Moving house checklist for renters

Moving house checklist for renters

Let’s not beat around the bush -  unless you have Monica levels of organisation, moving house can be stressful. As your tenancy comes to an end, the to-do list starts growing...and growing, and growing.

But, this should be an exciting time! You’re off to new pastures with so many adventures ahead of you; scouting out your local coffee shop, finding a tasty brunch spot, discovering a secret pub garden...

To make moving out as smooth and worry-free as possible, you need to plan ahead. But where to start?

We’ve put together a moving house timeline checklist to help you out. From sorting your end of tenancy cleaning to redirecting your post, here are the key things to do before moving house (not all heroes wear capes, hey?).

Download your very own checklist to tick things off as you go! Download below.

Download your checklist here.

A month or two before you move

Read the inventory report:

This will detail what condition every room was in when your tenancy started. It may also contain photographs, so you’ll know exactly what state you need to leave the place in when you move out.

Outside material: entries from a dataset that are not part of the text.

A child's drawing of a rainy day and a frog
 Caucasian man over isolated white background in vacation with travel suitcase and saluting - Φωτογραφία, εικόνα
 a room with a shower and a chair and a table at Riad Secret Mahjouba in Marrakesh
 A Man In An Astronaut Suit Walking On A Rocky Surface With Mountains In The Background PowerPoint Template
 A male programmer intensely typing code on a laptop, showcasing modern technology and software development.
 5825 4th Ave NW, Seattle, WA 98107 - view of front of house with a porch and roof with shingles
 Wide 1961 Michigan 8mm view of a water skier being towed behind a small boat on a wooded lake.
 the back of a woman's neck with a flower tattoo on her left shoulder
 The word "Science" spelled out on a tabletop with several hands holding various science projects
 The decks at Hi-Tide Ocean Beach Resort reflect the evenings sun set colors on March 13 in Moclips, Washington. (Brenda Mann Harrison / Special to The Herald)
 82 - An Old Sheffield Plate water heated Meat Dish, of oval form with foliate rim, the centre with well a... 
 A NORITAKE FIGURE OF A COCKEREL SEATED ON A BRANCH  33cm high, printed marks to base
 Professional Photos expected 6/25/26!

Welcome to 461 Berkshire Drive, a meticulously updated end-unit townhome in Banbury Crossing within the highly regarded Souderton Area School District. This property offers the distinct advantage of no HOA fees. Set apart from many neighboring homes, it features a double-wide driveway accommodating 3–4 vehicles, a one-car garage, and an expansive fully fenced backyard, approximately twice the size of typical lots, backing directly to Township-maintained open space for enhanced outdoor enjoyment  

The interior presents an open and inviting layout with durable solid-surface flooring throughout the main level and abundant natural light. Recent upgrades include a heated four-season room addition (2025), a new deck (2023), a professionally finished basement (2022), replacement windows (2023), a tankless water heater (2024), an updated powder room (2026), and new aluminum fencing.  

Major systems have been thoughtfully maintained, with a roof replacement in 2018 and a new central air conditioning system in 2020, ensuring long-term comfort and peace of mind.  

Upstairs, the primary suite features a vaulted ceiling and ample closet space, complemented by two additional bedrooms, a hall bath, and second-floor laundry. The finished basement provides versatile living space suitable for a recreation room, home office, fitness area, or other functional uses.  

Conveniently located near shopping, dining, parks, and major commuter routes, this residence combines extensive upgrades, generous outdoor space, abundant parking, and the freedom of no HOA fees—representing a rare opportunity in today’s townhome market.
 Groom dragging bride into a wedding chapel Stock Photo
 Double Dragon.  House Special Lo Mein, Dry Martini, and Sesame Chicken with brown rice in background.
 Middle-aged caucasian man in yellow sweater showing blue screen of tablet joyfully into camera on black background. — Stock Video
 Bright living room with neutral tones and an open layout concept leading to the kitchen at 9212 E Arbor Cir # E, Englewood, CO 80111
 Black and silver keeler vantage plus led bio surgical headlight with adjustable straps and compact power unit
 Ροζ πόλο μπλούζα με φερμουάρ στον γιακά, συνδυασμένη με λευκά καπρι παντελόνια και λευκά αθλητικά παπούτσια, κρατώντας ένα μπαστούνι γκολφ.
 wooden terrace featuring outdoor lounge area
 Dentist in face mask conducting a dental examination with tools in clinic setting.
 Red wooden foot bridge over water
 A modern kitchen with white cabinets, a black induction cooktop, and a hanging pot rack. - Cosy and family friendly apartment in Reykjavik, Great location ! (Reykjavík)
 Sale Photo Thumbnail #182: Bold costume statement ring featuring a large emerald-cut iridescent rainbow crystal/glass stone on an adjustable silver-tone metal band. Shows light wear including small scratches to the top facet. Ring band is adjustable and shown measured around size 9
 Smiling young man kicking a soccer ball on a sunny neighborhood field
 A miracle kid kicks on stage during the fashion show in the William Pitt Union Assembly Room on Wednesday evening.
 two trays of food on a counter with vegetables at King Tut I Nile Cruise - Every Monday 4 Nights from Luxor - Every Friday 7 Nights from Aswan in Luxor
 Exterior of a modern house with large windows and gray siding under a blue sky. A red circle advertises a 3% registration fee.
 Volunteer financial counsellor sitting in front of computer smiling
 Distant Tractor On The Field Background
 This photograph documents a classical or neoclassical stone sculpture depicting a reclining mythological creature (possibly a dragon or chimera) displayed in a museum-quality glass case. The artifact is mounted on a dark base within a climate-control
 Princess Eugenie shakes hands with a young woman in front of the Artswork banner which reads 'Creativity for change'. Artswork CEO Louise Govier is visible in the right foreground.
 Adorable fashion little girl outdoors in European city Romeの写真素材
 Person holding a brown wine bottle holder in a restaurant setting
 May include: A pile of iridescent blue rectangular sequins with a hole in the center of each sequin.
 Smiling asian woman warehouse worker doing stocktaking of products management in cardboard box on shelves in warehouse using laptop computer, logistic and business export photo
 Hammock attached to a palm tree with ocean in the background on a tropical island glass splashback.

From this, make a list of any new damages and deteriorations you spot in the house. Most landlords allow a fair amount of wear and tear over the course of a tenancy. However, if you’ve broken anything or caused real damage, this will most likely be taken off your deposit. So, now’s the time to get your tools out and fix what you can, or hire a handyman.

Arrange picking up the keys to your new place:

Ideally the two tenancies would overlap slightly, allowing you to move and clean on separate days.

Plan the cleaning:


End of tenancy cleaning is one of the biggest causes of deposit disputes and deductions, and therefore one of the most important things to remember when moving house in the uk.

You have two options: to muck in and do the cleaning yourself, or hire professionals. If you choose the latter, start contacting cleaning companies, compare quotes and get a date booked in - ideally after you and your housemates have moved out.

If you decide to tackle the task yourself (which is often more cost effective) read our ‘End of tenancy cleaning tips’.

Schedule the final inspection:

Once you know when the property will be empty and clean by, arrange a time with the landlord or managing agent for the final inspection.

Have a clear out:

No matter whether you’re downsizing or moving into a four-bed with a basement, go through your belongings and have a purge. Less to move, less to stress about.

That pile of clothes you haven’t touched for years? Bag it up and take it to the charity shop. If you’re moving to a furnished property, you might not need all those ikea storage boxes; you could see if any family or friends would like them, or post them on Facebook Marketplace or Ebay and earn a bit of cash.

Notify service providers and utilities companies:

Contact all relevant service providers and let them know you’ve changed address. We’ve put together a moving house change of address list below. Now’s the time for you to email them:

  • Your energy supplier
  • TV licence
  • HMRC
  • Thames Water
  • Your employer
  • Your bank
  • Any subscription services (monthly magazines, flower deliveries etc)

Plan the transport:

Do you (or a very nice friend) have a car you could use for the move?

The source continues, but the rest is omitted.